I am starting to wonder why I bother. I study History and Politics at Uni, and while I know it will be different for the sciences, I'm starting to see that there is not a lot of point in studying much. Every semester (there's two each year), we have exams at the end, and I make detailed notes on every possible essay I see in the past papers, make notes on them in a paragraph-based bullet point format, and read them again and again until I can rattle them off by heart.

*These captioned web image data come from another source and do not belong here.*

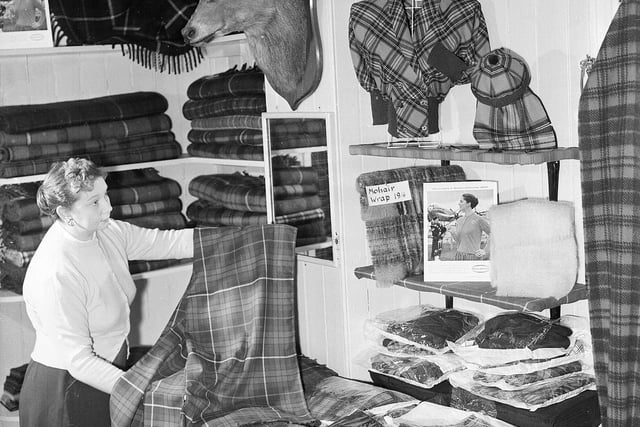Tourist shops on the Royal Mile are nothing new. This picture of Hunting Fraser stole and tartan good shop, on the Canongate, was taken in November 1957.
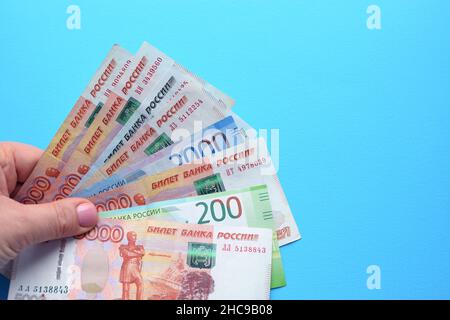 Banconote rubli russe in una mano femminile su sfondo blu. Foto Stock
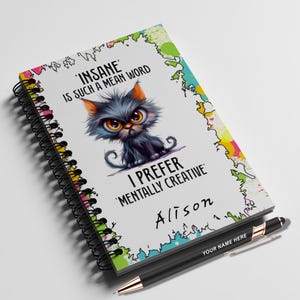Puede incluir: Un cuaderno de espiral con una ilustración de gato de dibujos animados y el texto "INSANE IS SUCH A MEAN WORD I PREFER 'MENTALLY CREATIVE' Alison". Un bolígrafo negro con detalles dorados está al lado del cuaderno, con el texto "YOUR NAME HERE".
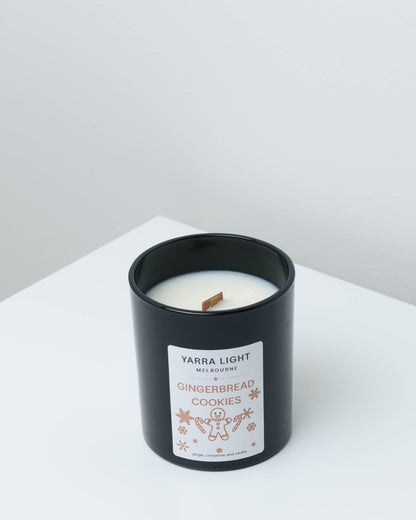 Gingerbread Cookies Christmas soy candle in black glass with a wood wick and a gingerbread man label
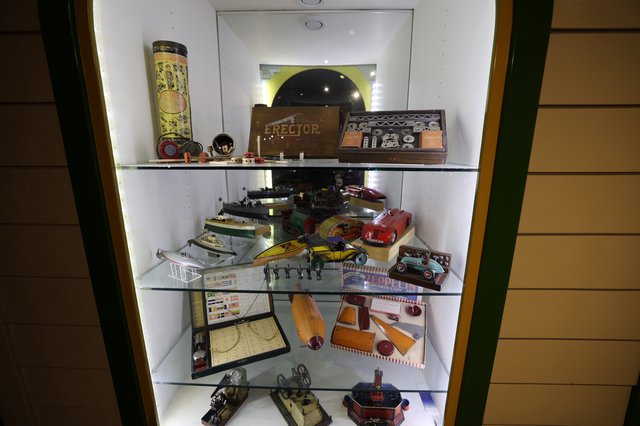 Vintage Toy Collection Display in Illuminated Cabinet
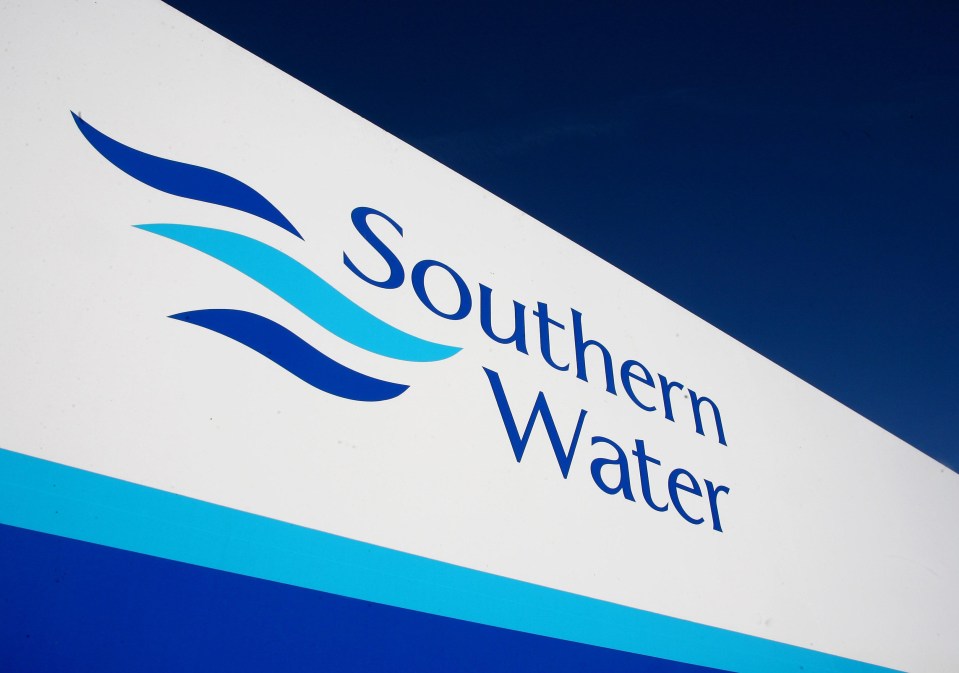 a blue and white sign for southern water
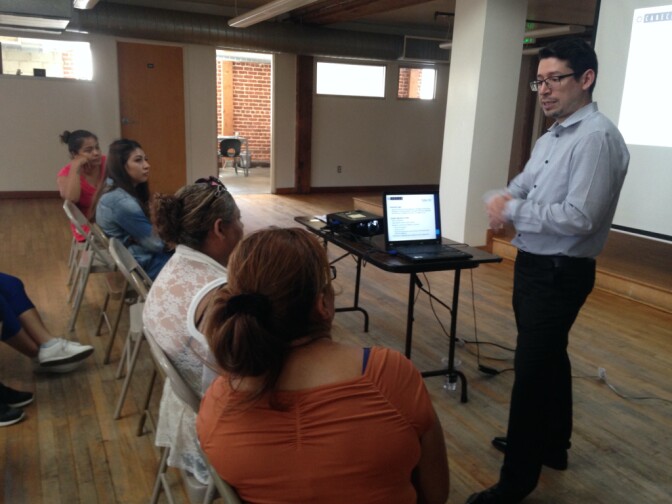 Participants in an asylum legal clinic at the Central American Resource Center listen to a  presentation by staff attorney Eryk Escobar. The free clinics are attended by recently-arrived immigrants, most from Central America, who wish to represent themselves in immigration court as they seek asylum in the United States. With pro-bono and low cost legal providers maxed out, many can't afford immigration lawyers.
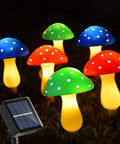 Colorful Mushroom Solar Lights for Outdoors Pack of 6 LED Garden Stake Decor with 8 Modes glowing in garden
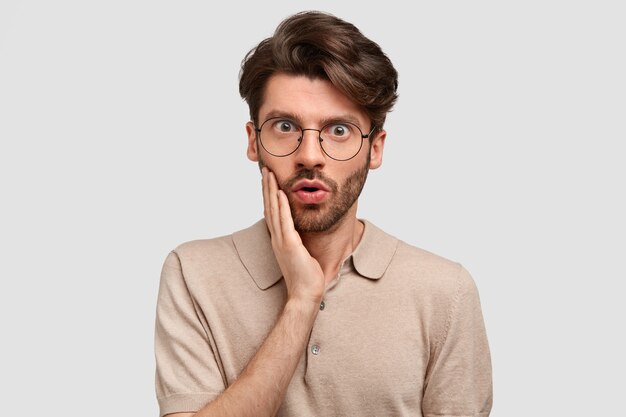 Filmación en interiores de un hombre serio barbudo con expresión asustada, toca la mejilla, tiene una barba oscura, vestido con ropa informal, está de pie contra la pared blanca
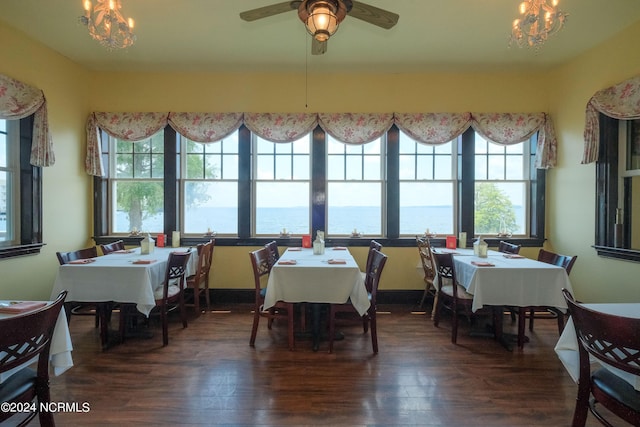 dining room with ceiling fan with notable chandelier, dark hardwood / wood-style flooring, and a water view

But then, when it gets to the exam, I always end up finding some topic I think looks interesting, and I'll write an essay on that based on my own general knowledge I've gained from reading etc. Like last term in history the general topic course was on early modern Europe, but by chance there was a question on whether or not the development of absolutism in the Three Kingdoms (Britain) was inevitable, and so of course anyone who's seen me in the Backroom or Monastery will know that I had to answer this question, and so I did. And I got 21 out of 22 for it (and my tutor said only 2 people out of the 40 he marked even got A's, which you need 18 for!). Whereas in Politics, which I'm not so interested in, I rattled off one of the standard respones and got IIRC 17 which is 1 mark off an A.
And since this term History focuses on Scotland from the National Covenant up until the Jacobites, I can just tell that I will end up going off in one of my rants which gets me good marks because I actually enjoy what I'm talking about.
This is what Uni seems to be like, its completely different to exams at school where you got marks by sticking strictly to the curriculum. Does anyone else find this?